Who do the Republicans have to go up against him?
The California Republican Party held its state convention this past weekend in Sacramento. Did any sane and serious candidate emerge to run against Brown?
No.
Though Republican sources insist that a “legitimate” opponent will be found and offered. Which is not to be confused with a candidate with an actual chance of defeating Brown.
Some new names were chatted up, including former Lieutenant Governor Abel Maldonado — who had an op-ed in the Sacramento Bee and told the San Francisco Chronicle he’s seriously considering a gubernatorial run — and Congressman Darrell Issa.
I can see the former, as a sort of repositioning statement, though little more. I can’t see the latter at all.

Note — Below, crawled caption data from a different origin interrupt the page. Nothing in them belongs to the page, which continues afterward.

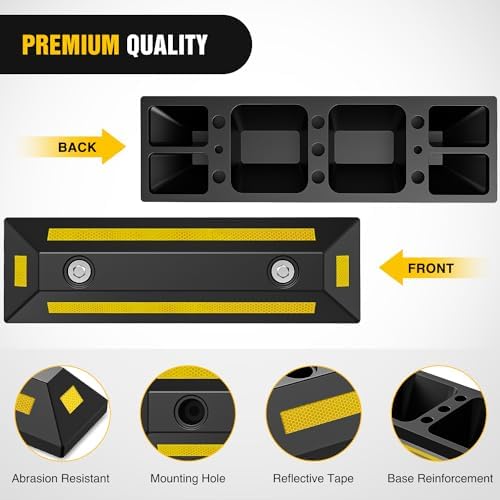 Nilight Rubber Parking Curb Wheel Stop - Image 6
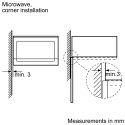 Kuchenka mikrofalowa Bosch Microwave Oven BFL524MS0 20 L, Retractable, Rotary knob, round, Touch Control 800W Black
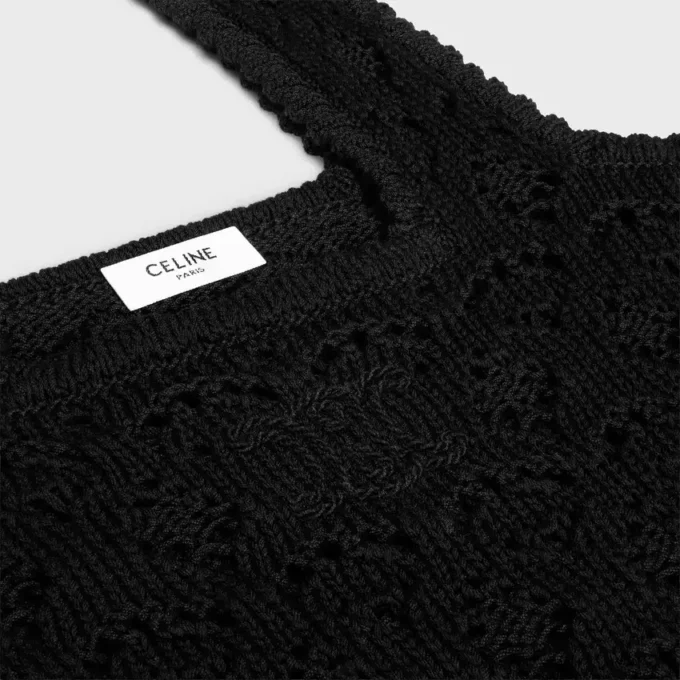 Top in Cotton Pointelle Top in Cotton Pointelle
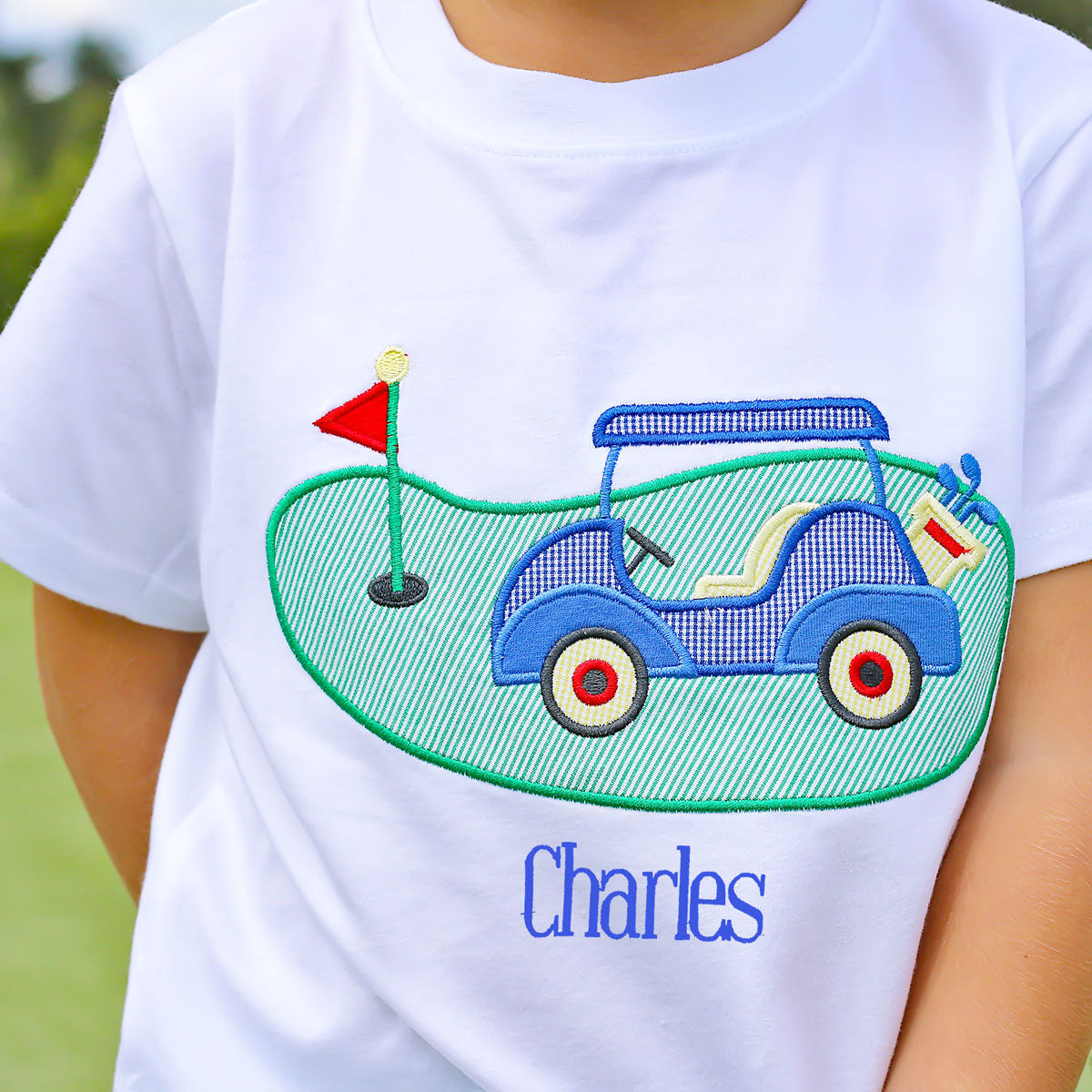 Golf Cart Short Sleeve Shirt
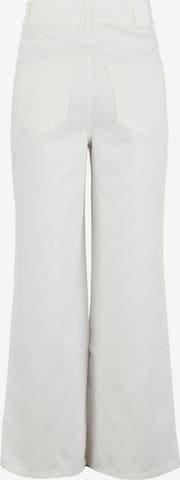 PIECES Wide Leg Jeans 'Elli' in Weiß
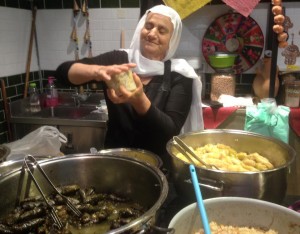 Zawa, the Druze proprietor of the Sarona Market eatery whom an Israel Radio editor encountered and wrote about. Photo: Facebook/Sharon Idan.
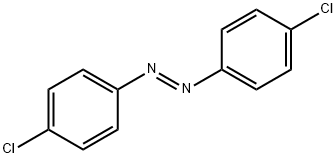(E)-4,4'-ジクロロアゾベンゼン 化学構造式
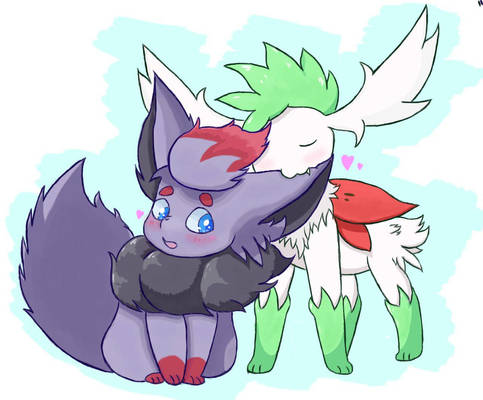 Zorua and Shaymin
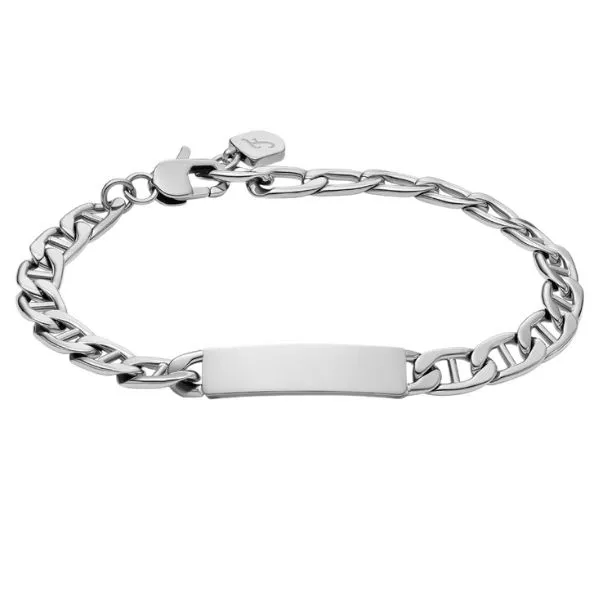 Vòng Đeo Tay Nam Fossil Bracelet JF04823040 Màu Bạc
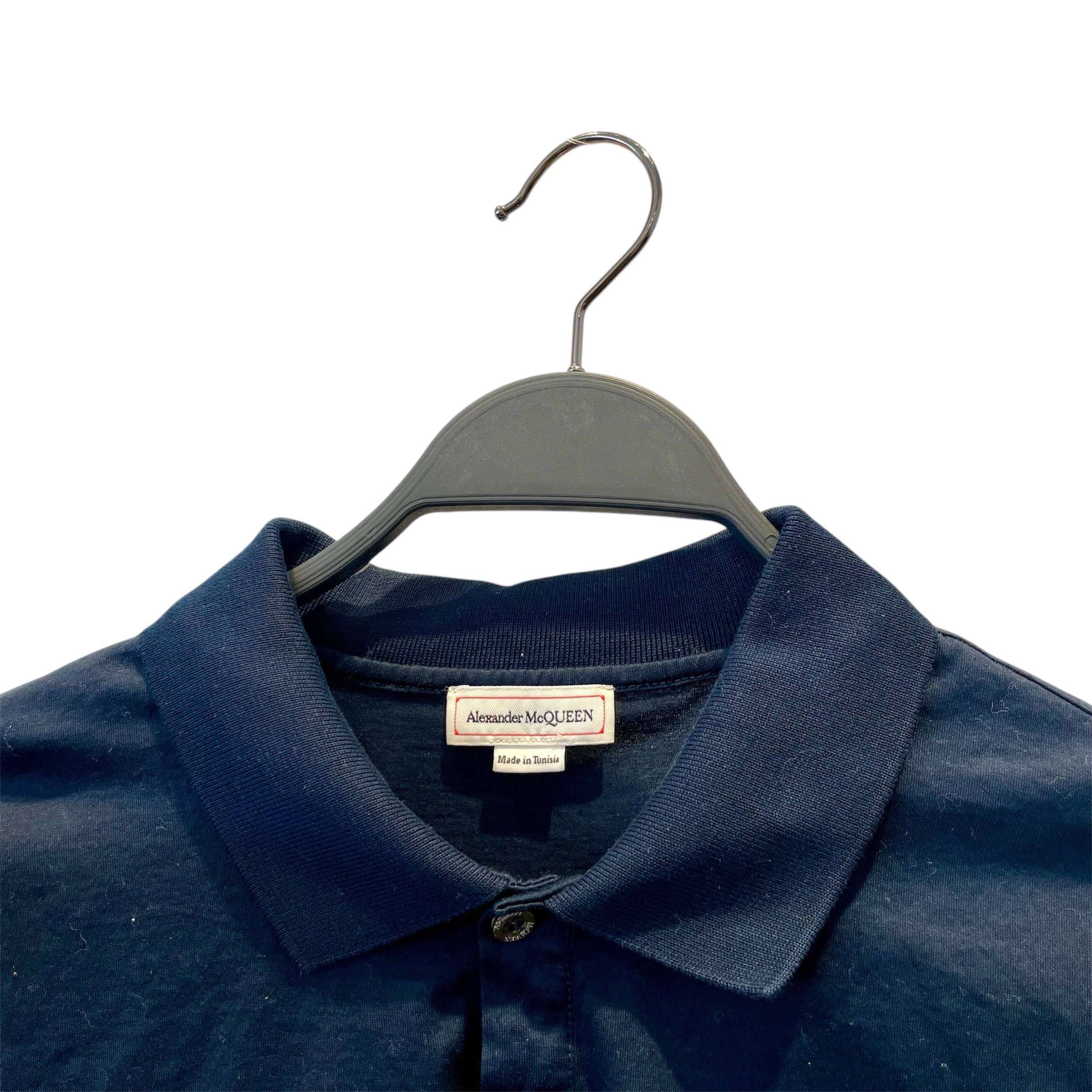 Alexander McQueen/Polo Shirt/XS/Cotton/BLU/Alexander McQueen Graffiti Mes view 3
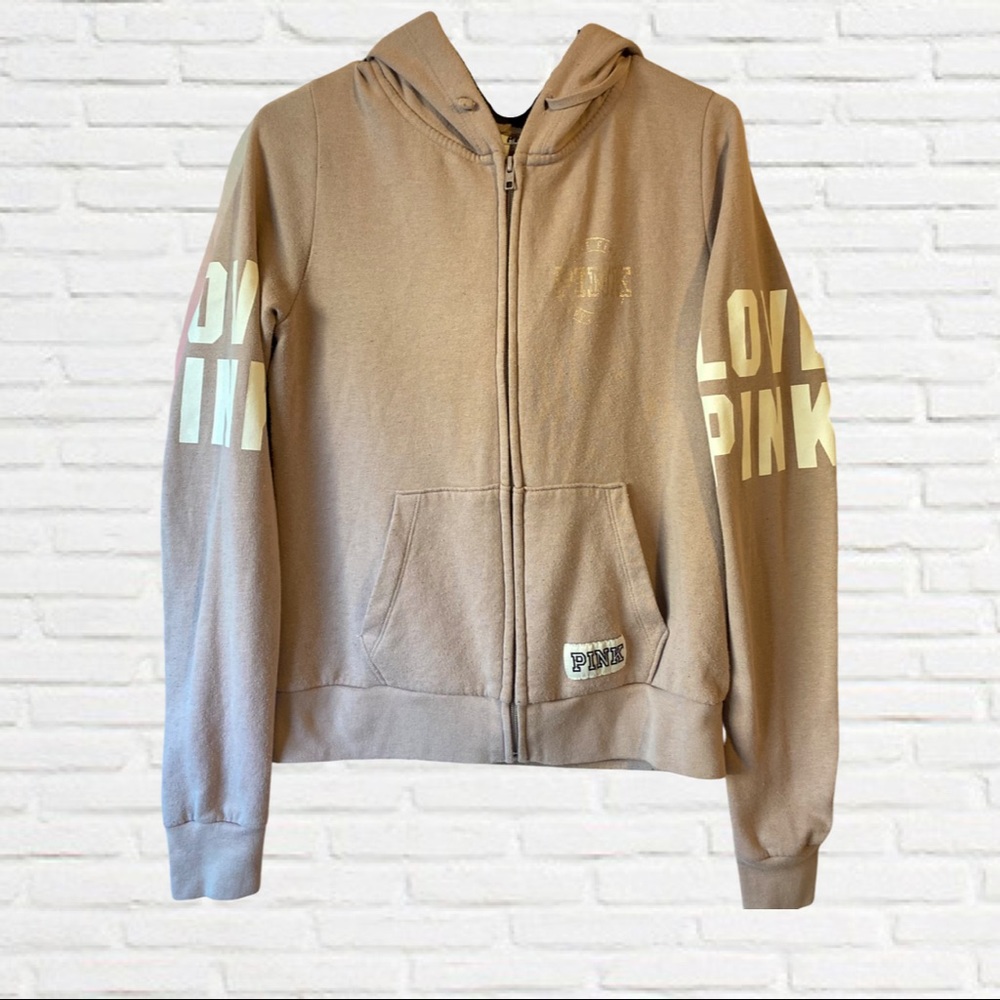 🛑SOLD🛑Pink/Tan VS PINK Sweatshirt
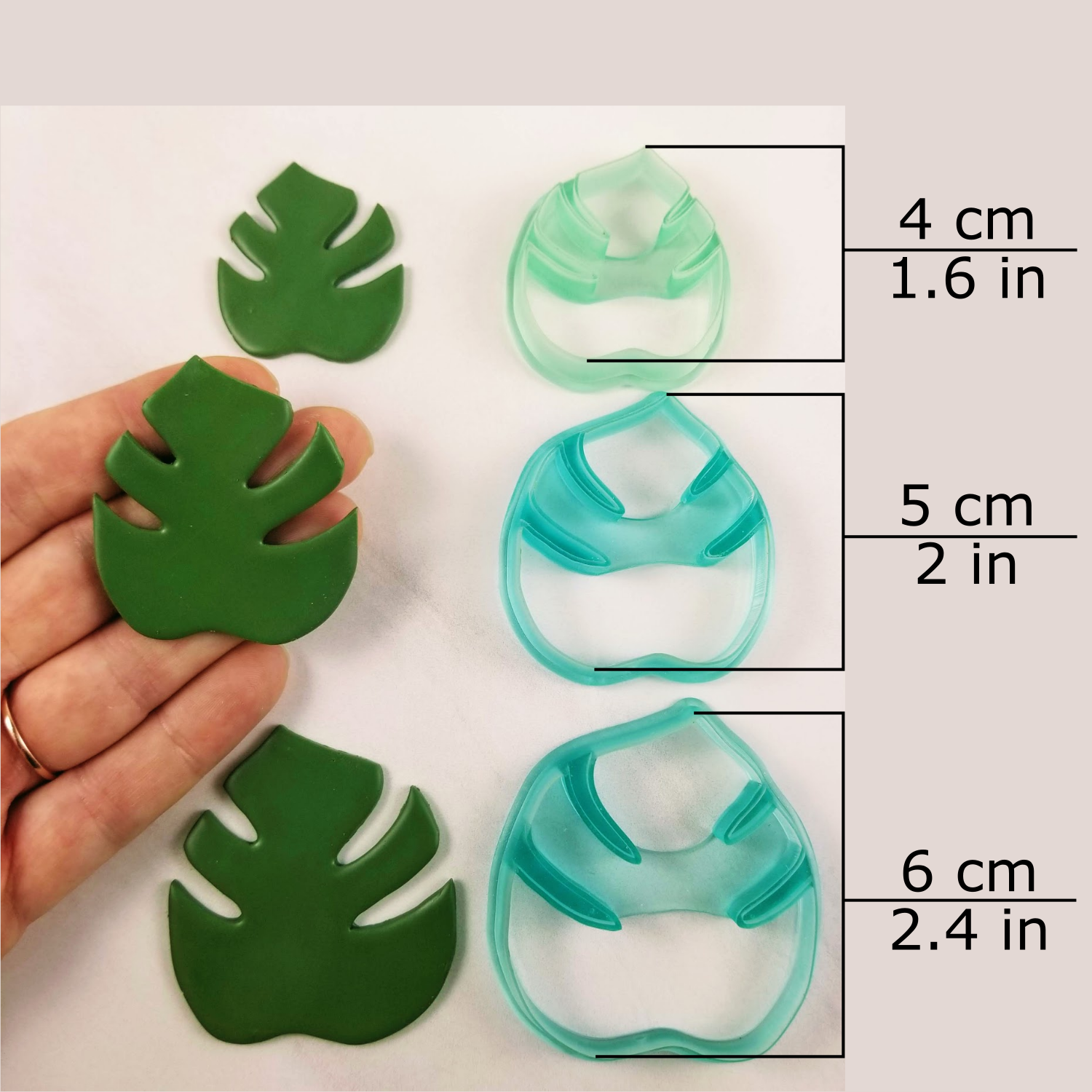 Monstera Adansonii Leaf Clay Cutters | Polymer Clay Tools | Jewellery Tools  | Earring Making | Embossing Clay Tools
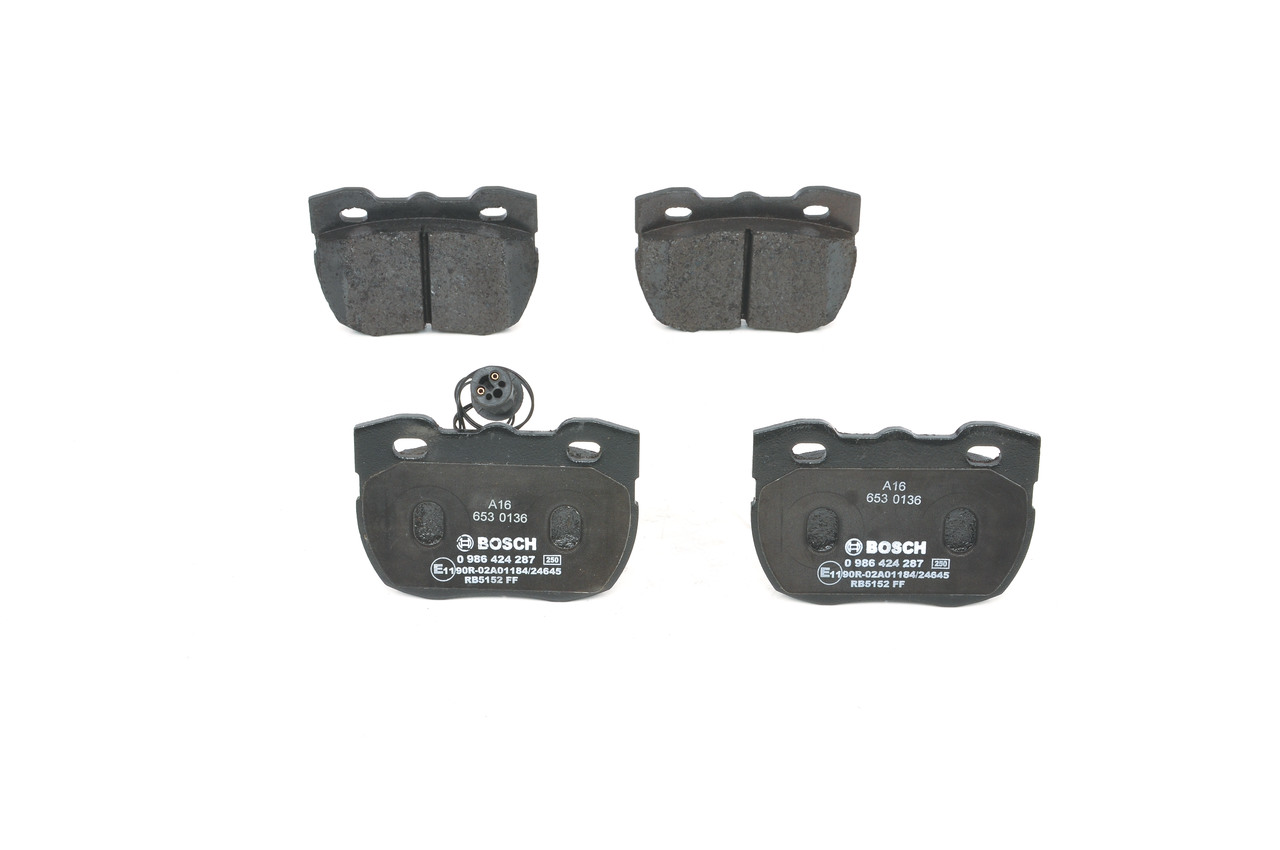 Комплект тормозных колодок, дисковый тормоз - 0 986 424 287 BOSCH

Maldonado was appointed to the lieutenant governorship by Gov. Arnold Schwarzenegger, but lost to Gavin Newsom in the 2010 Democratic landslide led by Brown. The former state senator then lost a congressional race last November by 10 points.
Issa, the very pugnacious super-rich chairman of the House Oversight Committee funded the signature gathering to qualify the 2003 recall, but pulled out of the race himself after being effectively roughed up by Democratic opposition researchers, with Schwarzenegger waiting in the wings.
Maldonado is a nice, intelligent guy. I’ve had lunch with him. But I wonder what he would find to run on against Brown.
They basically agree on most of the big issues. Maldonado helped devise the 2009 budget compromise, which included a big temporary tax hike. Brown tried for six months to extend that deal and couldn’t find the Republican legislative votes he needed to even get the extension on the ballot. After that, he turned to his own initiative, which ended up with a significant temporary tax surcharge on the rich. Maldonado and his friends are probably against that, but anyone who tries to run on cutting taxes for the rich is, ah, how to put this diplomatically?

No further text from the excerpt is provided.